El escenario actual del conflicto educacional en Chile sirve de ejemplo. La movilización docente, que ha tenido un rol protagónico en la oposición social al gobierno este año, con demandas justas para las y los profesores de Chile, está llena de entusiasmo, creatividad y fuerza, pero ha carecido de una perspectiva feminista, cuestión que llama la atención, pues se trata de un gremio altamente feminizado, donde alrededor de un 75% del total de profesores son mujeres, según cifras de la Red Docente Feminista, y las educadoras parvularias y diferenciales se acercan al 96%, de acuerdo a datos del Mineduc. Pese a esto, hemos visto una carencia de vocerías ostentadas por mujeres, una falta de visibilidad de dirigencias y organizaciones feministas y de las disidencias sexuales dentro del gremio, y más importante aún, una ausencia de las demandas y del programa que el movimiento feminista instaló en materia de educación, lo que preocupa de sobremanera, pues en caso de no conquistar esas demandas se mantendría la desigualdad salarial y la discriminación a las docentes, al no ser reconocidas en las mismas condiciones que el resto.  

Por otra parte, el conflicto de las y los estudiantes secundarios relativo a la violencia en las instituciones educacionales también requiere con urgencia una lectura feminista: para combatir la violencia no bastan las sanciones, se necesita educación para transformar las comunidades y una democratización radical para que en la resolución de conflictos no medie el abuso de poder.
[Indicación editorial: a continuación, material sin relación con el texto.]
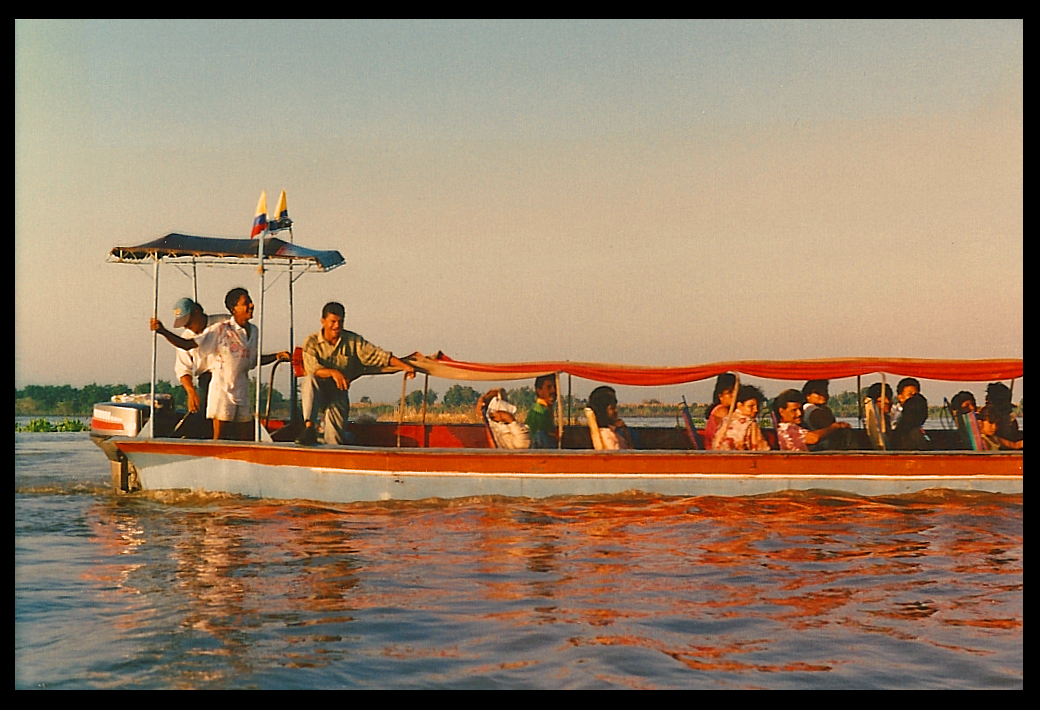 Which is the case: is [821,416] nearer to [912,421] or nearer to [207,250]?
[912,421]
Hasta ahora, la respuesta del Mineduc ha sido calificar a los estudiantes de “delincuentes” o “violentistas”, sobre todo en liceos de varones, reproduciendo estereotipos machistas y de clase sin resolver los problemas de fondo ni en la educación ni en las formas de relacionarse al interior de las comunidades educativas, centrando el foco, además, en algunos establecimientos —los llamados “emblemáticos”— de forma tendenciosa e ignorando el abandono y la precarización de la educación a la que acceden las mayorías sociales en todos sus niveles. 
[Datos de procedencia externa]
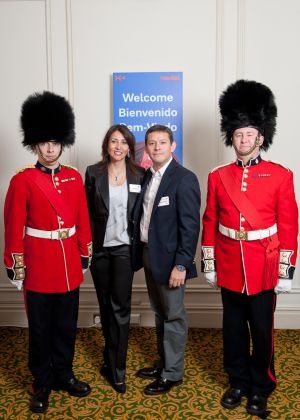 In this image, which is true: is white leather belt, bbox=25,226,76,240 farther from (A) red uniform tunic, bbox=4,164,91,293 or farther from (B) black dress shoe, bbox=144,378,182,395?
(B) black dress shoe, bbox=144,378,182,395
Para enfrentar este escenario complejo se necesita rearticular el movimiento feminista en la lucha educacional, ya que ha mostrado ser una de las expresiones más masivas del movimiento social en el último tiempo. Se necesita una fuerte oposición social y política anclada en la perspectiva feminista para enfrentar un ciclo de avance de la ultraderecha, el empresariado y el conservadurismo, que buscan consolidar y ampliar aún más un modelo educativo que excluye y discrimina por origen, género, orientación sexual y nivel socioeconómico, extinguiendo lo poco que tenemos de educación pública.  

Para fomentar el debate y orientar este ciclo político que viene, debemos retomar demandas que ya han sido expresadas en las calles, como la democratización del curriculum educativo, una educación sexual integral y un enfoque feminista tanto para combatir el auge de la violencia y la discriminación, como para reconocer a las profesoras diferenciales y parvularias como parte del gremio. Esperamos que este segundo semestre podamos volver a las calles, porque se necesita de forma urgente una educación feminista y disidente.